La documentazione fornita dopo le integrazioni richieste dal Tribunale non è stata ritenuta sufficiente per valutare l’affidabilità dei potenziali acquirenti, nell’ottica della tutela dei creditori, l’interesse principale della procedura. Il ctu e il commissario avevano richiesto alcune modifiche al contratto stipulato con l’ACR Messina e chiarimenti supplementari sulla fideiussione allegata.
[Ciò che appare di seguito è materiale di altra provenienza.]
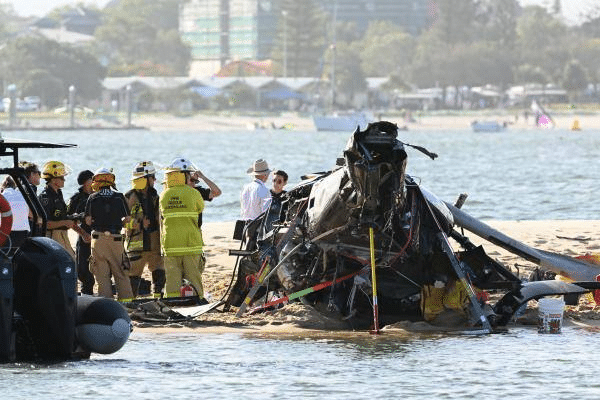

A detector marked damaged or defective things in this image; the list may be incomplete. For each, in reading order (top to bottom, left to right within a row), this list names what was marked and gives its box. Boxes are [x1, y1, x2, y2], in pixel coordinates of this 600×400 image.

wrecked helicopter [224, 120, 600, 332]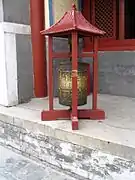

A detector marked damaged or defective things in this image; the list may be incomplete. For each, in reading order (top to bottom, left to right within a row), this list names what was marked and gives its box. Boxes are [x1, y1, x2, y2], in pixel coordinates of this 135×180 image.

cracked concrete ground [0, 146, 75, 179]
La contestazione della Doadi
In una PEC la Doadi ha duramente contestato la decisione di Di Renzo e Taormina, ritenendo la documentazione fornita ampiamente esaustiva. Nell’ottica della massima trasparenza, la missiva è stata trasmessa al Tribunale in vista della decisione conclusiva.
La sezione fallimentare si riunirà adesso in composizione collegiale.
L’urgenza del campionato
I legali dell’ACR Gianpiero Picciolo e Giuseppe Cicciari hanno sollecitato una risposta definitiva già prima di Ferragosto, ribadendo l’urgenza dettata dal campionato ormai alle porte. Si attende la nomina dei tre magistrati, che dovrebbero pronunciarsi entro la giornata di giovedì 14.
I primi due pareri negativi, comunque non vincolanti, potrebbero portare quasi sicuramente al rigetto dell’istanza di affidamento della gestione sportiva al gruppo Peditto.